The most frequent data quality improvement process done around is deduplication of party master data.
A core functionality of many data quality tools is the capability to find duplicates in large datasets with names, addresses and other party identification data.
When evaluating the result of such a process we usually divide the result of found duplicates into:
- False positives being automated match results that actually do not reflect real world duplicates
- True positives being automated match results reflecting the same real world entity
The difficulties in reaching the above result aside, you should think the rest is easy. Take the true positives, merge into a golden record and purge the unneeded duplicate records in your database.
Well, I have seen so many well executed deduplication jobs ending just there, because there are a lot of reasons for not making the golden records.
Sure, at lot of duplicates “are bad” and should be eliminated.
But many duplicates “are good” and have actually been put into the databases for a good reason supporting different kind of business processes where one view is needed in one case and another view is needed in another case.

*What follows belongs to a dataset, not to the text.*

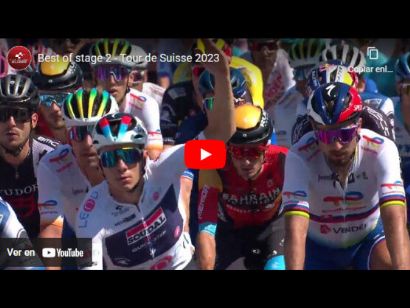 Tour de Suiza 2023: Vídeo resumen de la 2ª etapa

Many, many operational applications, including very popular ERP and CRM systems, do have inferior data models that are not able to reflect the complexity of the real world.
Only a handful of MDM (Master Data Management) solutions are able to do so, but even then the solutions aren’t easy as most enterprises have an IT landscape with all kinds of applications with other business relevant functionality that isn’t replaced by a MDM solution.
What I like to do when working with getting business value from true positives is to build a so called Hierarchical Single Source of Truth.